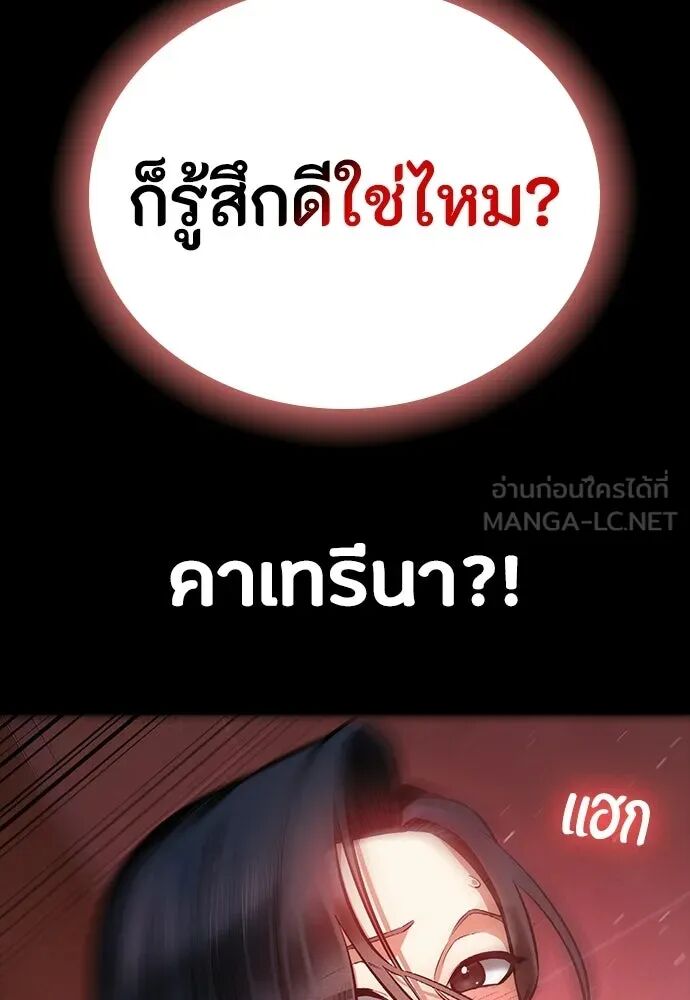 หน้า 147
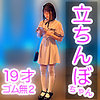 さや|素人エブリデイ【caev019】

★ ★ ★ ★ ★

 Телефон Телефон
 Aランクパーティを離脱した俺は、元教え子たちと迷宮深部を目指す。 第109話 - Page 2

★ ★ ★ ★ ★

- WORK TO COMPLETE
Within the material above, extract exactly the lines that start at the line containing "Телефон Телефон" and stop after the line containing "Aランクパーティを離脱した俺は、元教え子たちと迷宮深部を目指す。 第109話 - Page", and only those.

- EXERCISE OUTPUT
 Телефон Телефон
 Aランクパーティを離脱した俺は、元教え子たちと迷宮深部を目指す。 第109話 - Page 2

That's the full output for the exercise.